イラン・アフガン・イラク「政治化する水紛争」の現在

執筆者:飯島健太 2022年2月4日
エリア: 中東
干上がったイラン中部イスファハンのザーヤンデ川(撮影:飯島健太)(C)朝日新聞社
中東・北アフリカで、水不足に伴う国家間の争いが深刻になっている。国境を越えて水源を共有する国家の間では常に緊張を生み、いつ衝突に発展してもおかしくない。地球温暖化が進むことで、事態が好転する希望はまったく見えない。

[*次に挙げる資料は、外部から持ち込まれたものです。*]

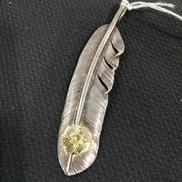 フェザーペンダントトップ|FIRST ARROWS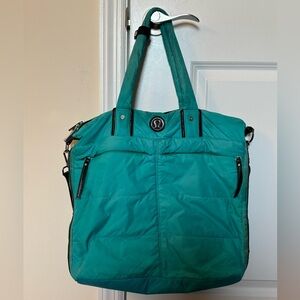 Lululemon Fast in Flight Teal Quilted Shoulder Tote *FLAWED*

イランで水不足の危機が最も顕著に露呈する現場を取材し、問題の広がりを考えた。

 

ガソリンより高価な水

 日本でガソリン価格が高騰しているという報道を見ていると、世界的な産油国であるイランで暮らす「恩恵」を改めて感じる。政府による手厚い補助のおかげで、月間60リットルまで1リットル6円(実勢レート)の割引価格で給油できる。それを超えると通常価格になるが、それでも2倍の12円で済む。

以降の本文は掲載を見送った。